The libraries I mentioned above extract the raw values for each sensor pixel (sensel) and are able to output these raw values as is. Depending on the type of sensor, you get 10, 12, 14 or 16 bit integer values. Raw processing software like RawTherapee, darktable, ART, RawProc, PhotoFlow and others take this data and convert it to floating point immediately. Even before demosaicing. I am not sure how you can get any more raw than that. No information is lost whatsoever, which is what you seem to imply.

There may be a difference in terminology here, but I find your idea hard to follow. A “48 bit TIFF pixel” makes no sense to me whatsoever.
If I get your meaning right, you want to take this idea: (image taken from here)


But instead of having to interpolate a single missing R, G or B pixel in between, you want to supersample the image and have two pixels in between each known pixel?

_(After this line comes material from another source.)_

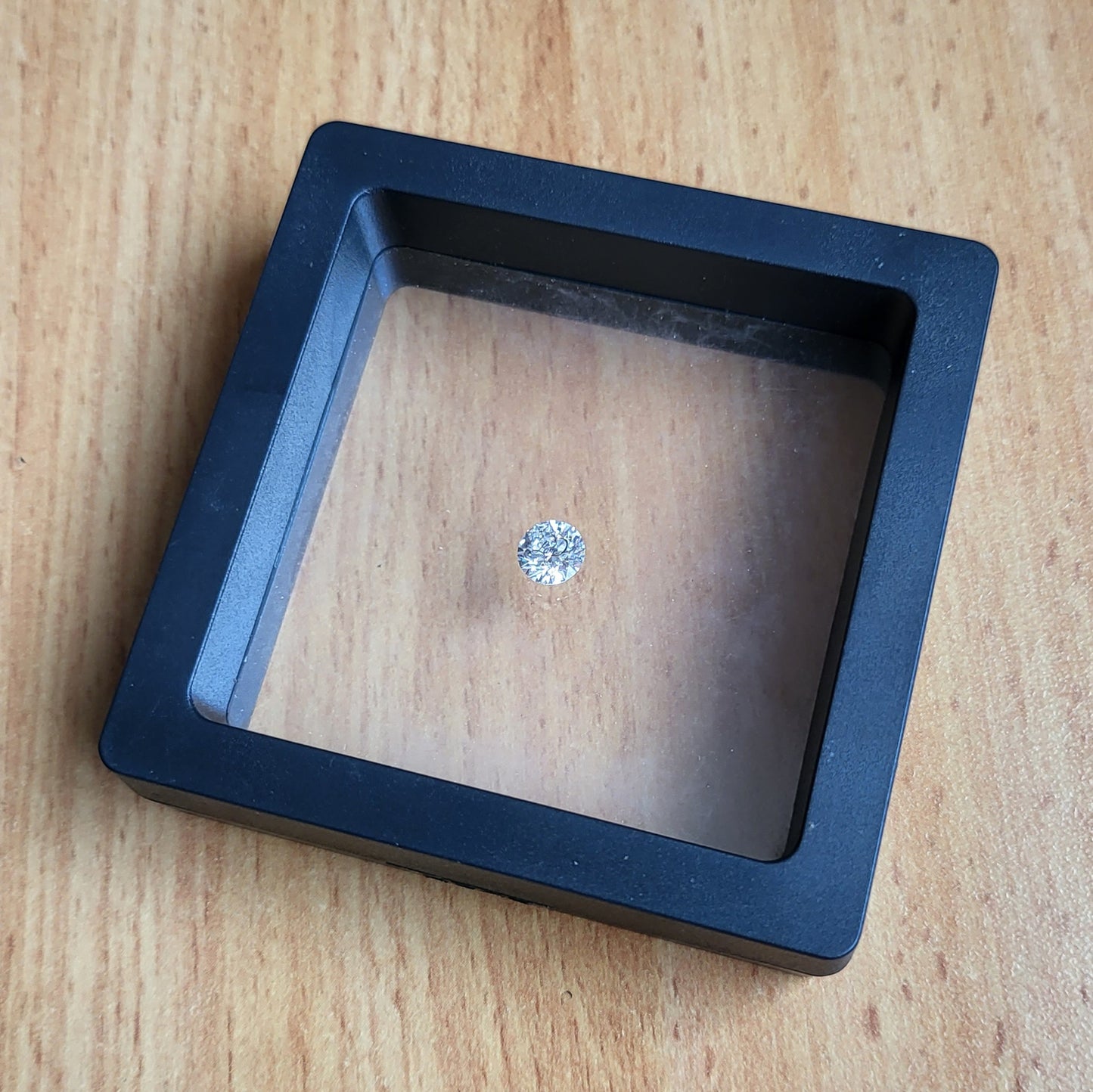 Laser Engrave On Center Lab Grown Diamond Round Love Engraved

Check your settings and you may find 12 and 14 bit options as well as uncompressed, lossless compressed and compressed. You may have compression turned on.

Compression greatly reduces battery life and increases write time. And with a 128GB memory card you can shoot through many battery packs. And, you have 2 memory ports. You can’t put in a bigger battery. And, you will find that 7zip with LZMA2 run on a real processor provides more efficient compression and can be done before archiving!

Here is the C Code:
// =====================================================================
// Read NEF’s Bayer data (including junk) and stuff into matrix provided
int read_nef_bayer_rgjb(char *fname, int bayer_offset, int xres, int yres,
uint16_t **nrbmat, EV_TIME_STR *tsa, int debug)
{
int fsr=0; // FSeekRtn value, s/b=0. FSize from OS in B
long sread=0; // SHORTs read from raw file
FILE *stream; // FILE pointer to input file
int brow; // Bayer_ROW
if(tsa) time_event(E_READ_NEF_BAYER_RGJB, tsa, E_TIME_EVENT, 1, debug);

if((stream = fopen(fname, "rb")) == NULL)  {  // READ BINARY
	printf("RNBM: Cannot <open Input file \"%s\"!\n", fname);  exit(-3);  }
if(bayer_offset  &&  (fsr=fseek(stream, (long) bayer_offset, SEEK_SET)))  {
	printf("RNBM: FSeek -> %d, terminating\n\n", fsr);  exit(-12);  }

for(brow=0; brow < yres; brow++)  {
	// Read from input file 1 row of xres uint16 at a time
	// The total number of elements successfully read are returned as a 
	// size_t object, which is an integral data type.
	sread += fread(nrbmat[brow], sizeof(uint16_t), xres, stream);  // -> XRes!
}
fclose(stream);
printf("RNBM: Read %d USHORTs from BAYER file %s\n", sread, fname); 
return(sread);  // Return number UINT16s read, NOT BYTES!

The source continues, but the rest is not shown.